Web page caption snippets:
Content starts

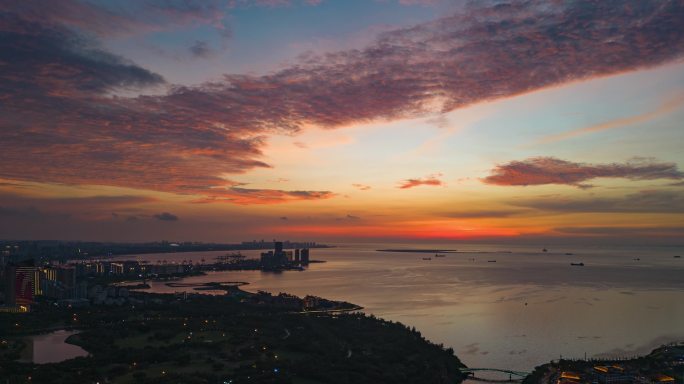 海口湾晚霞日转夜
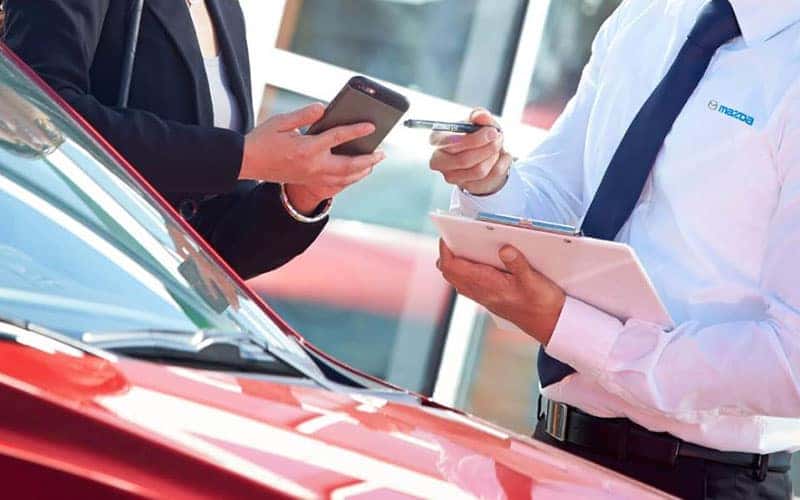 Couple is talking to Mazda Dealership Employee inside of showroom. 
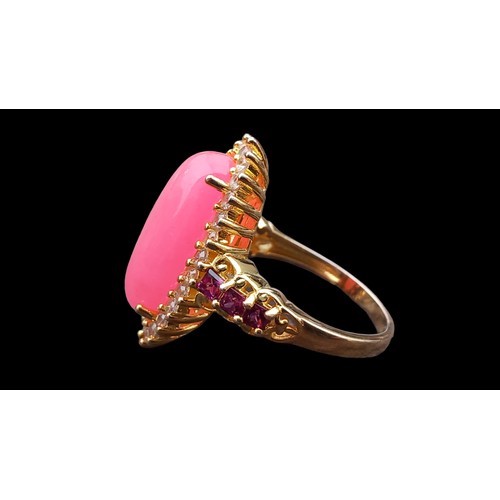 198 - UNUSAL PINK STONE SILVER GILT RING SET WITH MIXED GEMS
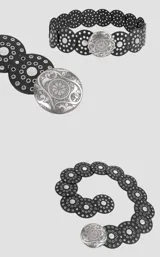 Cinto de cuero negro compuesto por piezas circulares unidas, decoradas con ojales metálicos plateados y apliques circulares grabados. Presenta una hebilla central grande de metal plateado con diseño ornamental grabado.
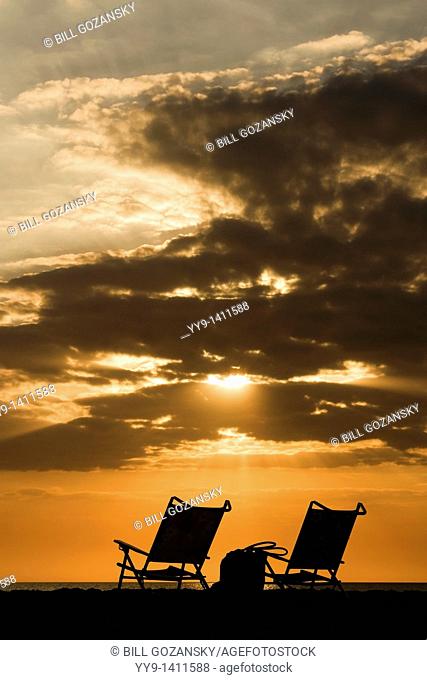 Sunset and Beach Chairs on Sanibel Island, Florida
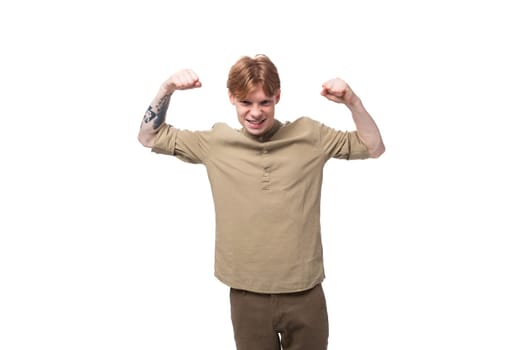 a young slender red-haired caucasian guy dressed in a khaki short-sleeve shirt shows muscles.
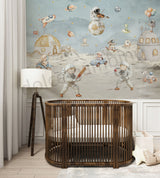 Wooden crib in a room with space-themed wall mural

Content ends

• _Work request_
Leaving the pictures aside, copy exactly and only the lines from the one holding "Couple is talking" through the final line of the data, both ends kept.

• _Problem solution_
 Couple is talking to Mazda Dealership Employee inside of showroom. 
 198 - UNUSAL PINK STONE SILVER GILT RING SET WITH MIXED GEMS
 Cinto de cuero negro compuesto por piezas circulares unidas, decoradas con ojales metálicos plateados y apliques circulares grabados. Presenta una hebilla central grande de metal plateado con diseño ornamental grabado.
 Sunset and Beach Chairs on Sanibel Island, Florida
 a young slender red-haired caucasian guy dressed in a khaki short-sleeve shirt shows muscles.
 Wooden crib in a room with space-themed wall mural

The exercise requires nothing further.